Generally, analytics can be thought of in four categories:
• Descriptive Analytics: the study of ‘what happened?’ This is largely concerned with the reporting of results and summaries via static or interactive (e.g. dashboards) and is more commonly referred to as ‘Business Intelligence’
• Diagnostic Analytics: a study of why something happened. This typically involves feature engineering, model development etc.
• Predictive Analytics: the modelling of what might happen under different circumstances. This is a mechanism for understanding possible outcomes and the certainty (or lack of) with which we can make predictions
• Prescriptive Analytics: the analysis of ‘optimum’ ways to behave in which to ‘minimise’ or ‘maximise’ a desired outcome
As we progress through these categories, the complexity increases, and hopefully the value that is added to the business as well. But this isn’t a list of steps – you could jump straight to predictive or prescriptive analytics without touching on either descriptive or diagnostic.
It’s important to distinguish that data science is focused on advanced analytics and using the above definitions, this would mean dealing with everything beyond descriptive analytics.
‘Proactive’ was included to distinguish data science from the more traditional ‘statistical analysis’. In my experience, when I started my career as a statistician in industry, an organisation’s analytic function seemed a largely ‘reactive’ practice. Modern data science needs to be an active part of the business function and look for ways to improve the business.

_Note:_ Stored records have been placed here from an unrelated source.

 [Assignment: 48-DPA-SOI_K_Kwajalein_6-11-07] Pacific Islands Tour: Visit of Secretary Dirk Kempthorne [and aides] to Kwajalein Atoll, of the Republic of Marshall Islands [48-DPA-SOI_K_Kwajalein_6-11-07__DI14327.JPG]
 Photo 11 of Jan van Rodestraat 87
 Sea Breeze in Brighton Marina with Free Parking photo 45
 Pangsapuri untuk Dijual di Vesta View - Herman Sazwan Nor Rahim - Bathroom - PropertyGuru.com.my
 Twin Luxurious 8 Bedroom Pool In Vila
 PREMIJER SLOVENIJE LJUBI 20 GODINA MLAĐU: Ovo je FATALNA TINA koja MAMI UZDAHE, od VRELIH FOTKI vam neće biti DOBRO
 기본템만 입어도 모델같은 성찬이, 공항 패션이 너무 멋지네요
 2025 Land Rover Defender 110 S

‘To drive better decision making’
The last part of the definition is possibly the most important part. If we ignore this, then there’s a danger of doing the expensive cool stuff and not actually adding any value. With organisations investing heavily in data science as an industry, we need to deliver – otherwise we may be in a situation where data science as a phrase becomes associated with high-cost initiatives that never truly add value.

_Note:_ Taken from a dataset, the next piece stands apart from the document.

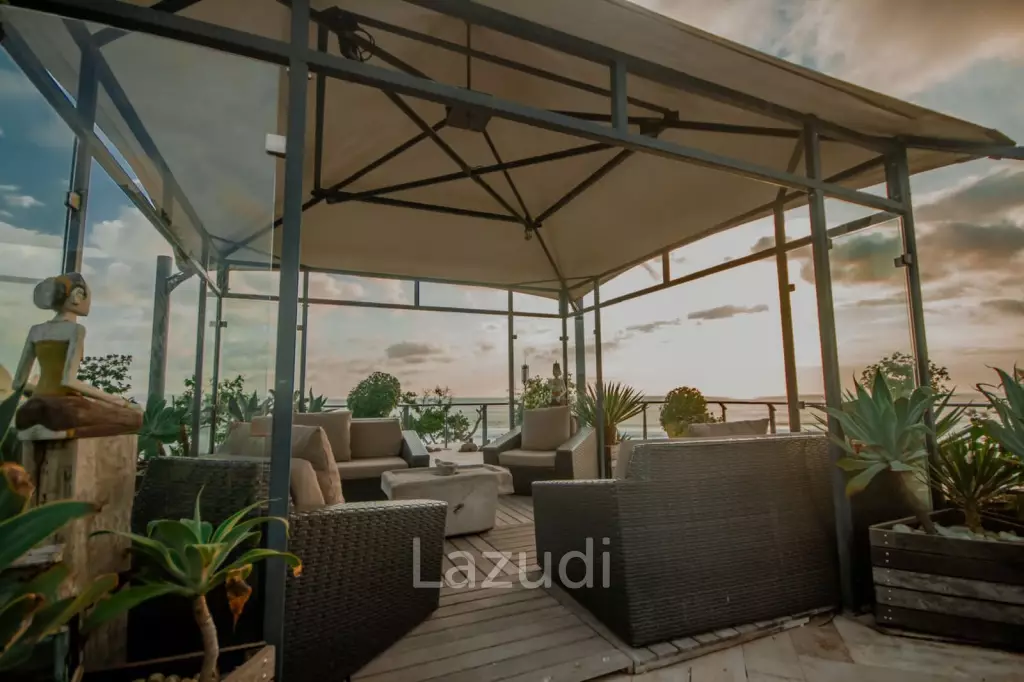 Ocean view Penthouse in Seminyak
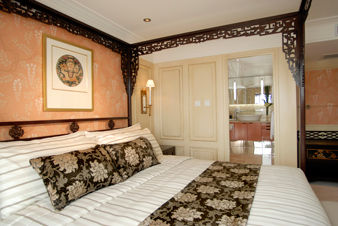 Jade & Mandarin Suite Photo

We need to be very clear about something: we can use the best tech, leverage the most clever algorithms, and apply them to the cleanest data, but unless we change the way something is done then we’re not adding value. To move the needle with data science, we need to positively impact the way the business does something.
So, what is a data scientist?
Each part of our definition hints at a particular skill that’s needed:
• Data: ability to manipulate data across a number of dimensions (volume, variety, velocity)
• Advanced analytics: understanding of a range of analytic approaches
• Proactive: communication skills that allow us to interact with the business
• Decision making: the ability to turn analytic thinking (e.g. models) into production code so they can be embedded in systems that deliver insight or action
If data science, as a proactive pursuit, is concerned with the meeting of a range of business challenges, then a data scientist must —understand at least the possibilities— of a wider range of analytic approaches.
So… we just need to hire unicorns?
It may sound from all this that you just need to hire people who understand every analytic technique, code in every language, and so on. The fact that unicorns don’t exist leads to a very important part of data science: data science is a team sport.
While we can’t hire people with all the skills required, we can hire data scientists with some of the required skills, and then create a team of complementary skillsets. This way we can create a team that, as a collective, contains all of the skills required for data science, and in doing that, create a solid foundation for driving data-driven digital transformation.